**THE TASK**
Pictures excluded, return the lines below from the first through the line holding "Garantizado Blanquea Tus".

**DATA TO USE**
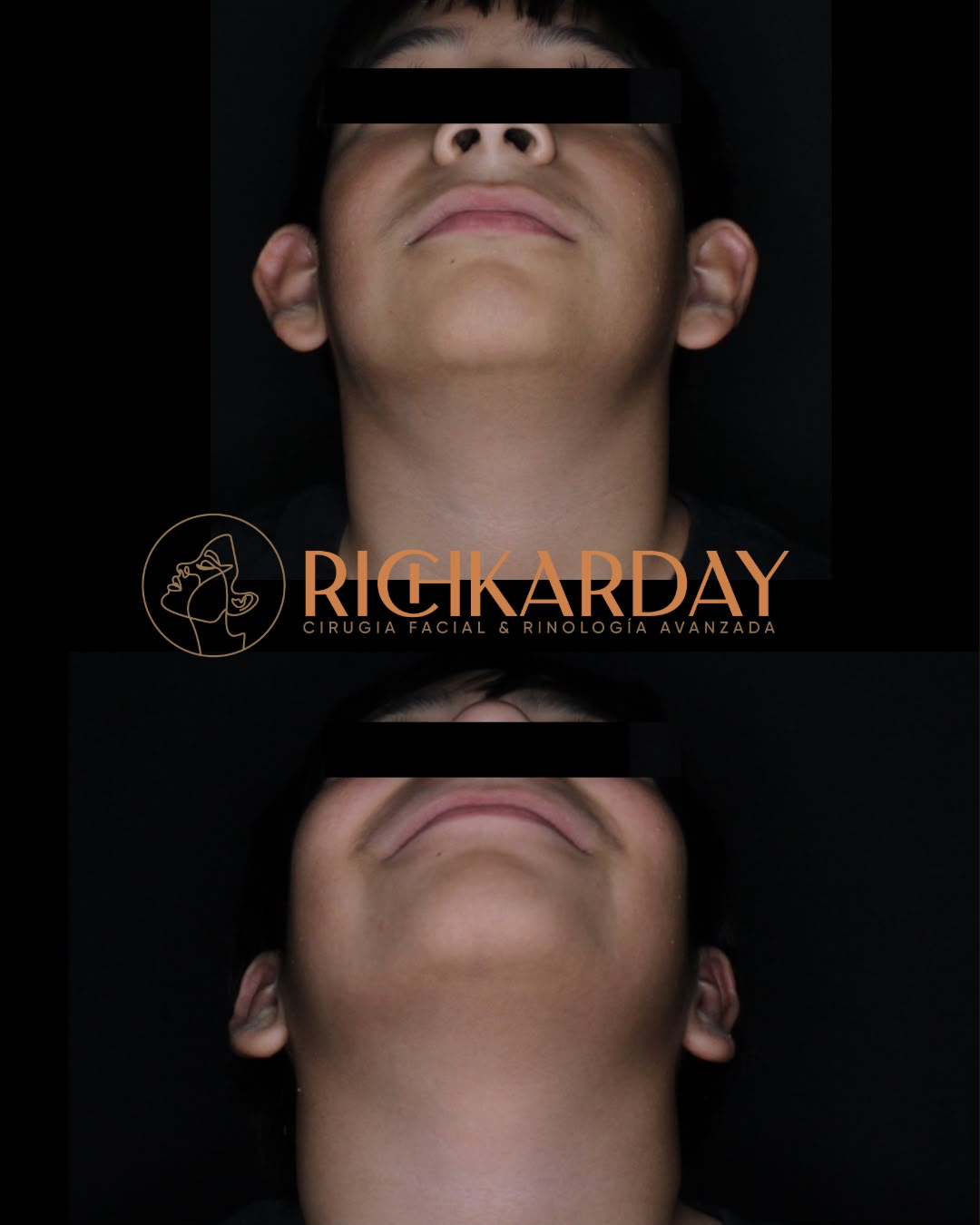 Cirugía realizada por la Dra. Estefanía Richkarday - antes y después caso 2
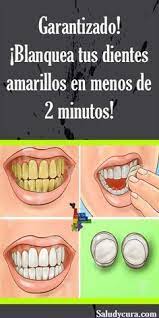 Garantizado Blanquea Tus Dientes Amarillos En Menos De 2 Minutos Blanquea Blanqueardientes Dientesamarillos Dental Health Oral Health Care Health Tips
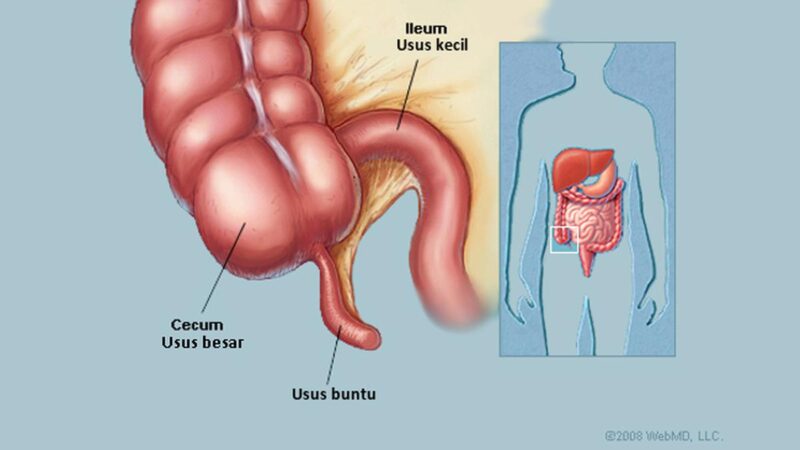 Cara Mengobati Usus Buntu Tanpa Operasi
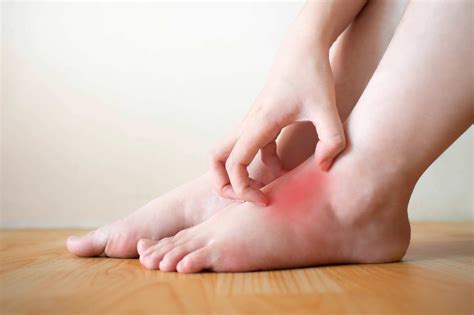 Why Are My Feet Itchy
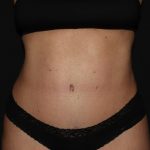 Tummy Tuck Before & After Patient #1892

**EXERCISE RESPONSE**
 Cirugía realizada por la Dra. Estefanía Richkarday - antes y después caso 2
 Garantizado Blanquea Tus Dientes Amarillos En Menos De 2 Minutos Blanquea Blanqueardientes Dientesamarillos Dental Health Oral Health Care Health Tips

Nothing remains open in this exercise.